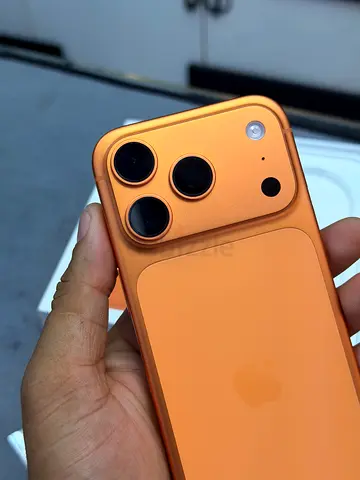 Apple iPhone 17 Pro 256 gb orange Cosmic Tdra uae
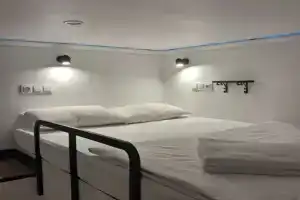Одноместный номер улучшенный премиум с телевизором, Москва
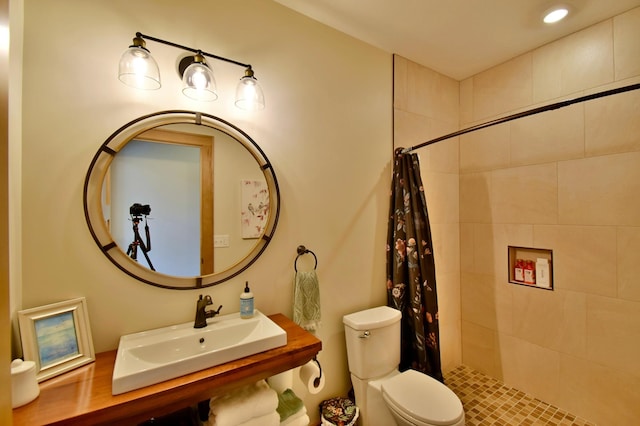 26888 734th Ave, Dassel Twp, MN 55325 - bathroom featuring tiled shower and recessed lighting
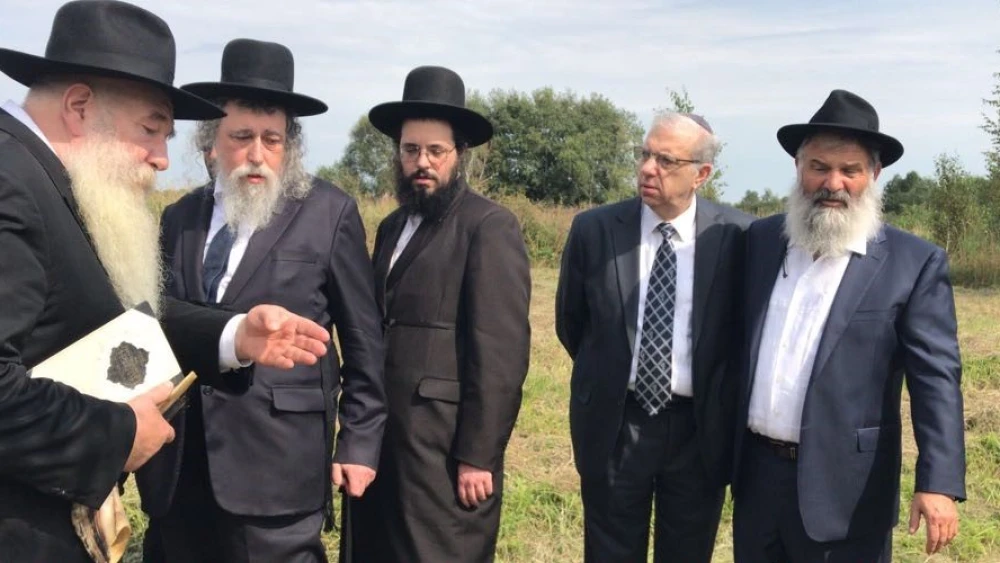 From left to right: Rabbi Yitzchok Kogan, director of Agudas Chasidei Chabad in Russia, Rabbi Isaac Schapira, chairman of ESJF, Mr Joseph Popack, world renowned philanthropist and project donor, Mr Mendel Levin, president of ABBA Realty in NY. Credit: ESJF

Task to complete: From the line with "26888 734th Ave, Dassel" to the last line of the material, both inclusive, set down every line exactly and nothing else; omit pictures.

Exercise solution:
 26888 734th Ave, Dassel Twp, MN 55325 - bathroom featuring tiled shower and recessed lighting
 From left to right: Rabbi Yitzchok Kogan, director of Agudas Chasidei Chabad in Russia, Rabbi Isaac Schapira, chairman of ESJF, Mr Joseph Popack, world renowned philanthropist and project donor, Mr Mendel Levin, president of ABBA Realty in NY. Credit: ESJF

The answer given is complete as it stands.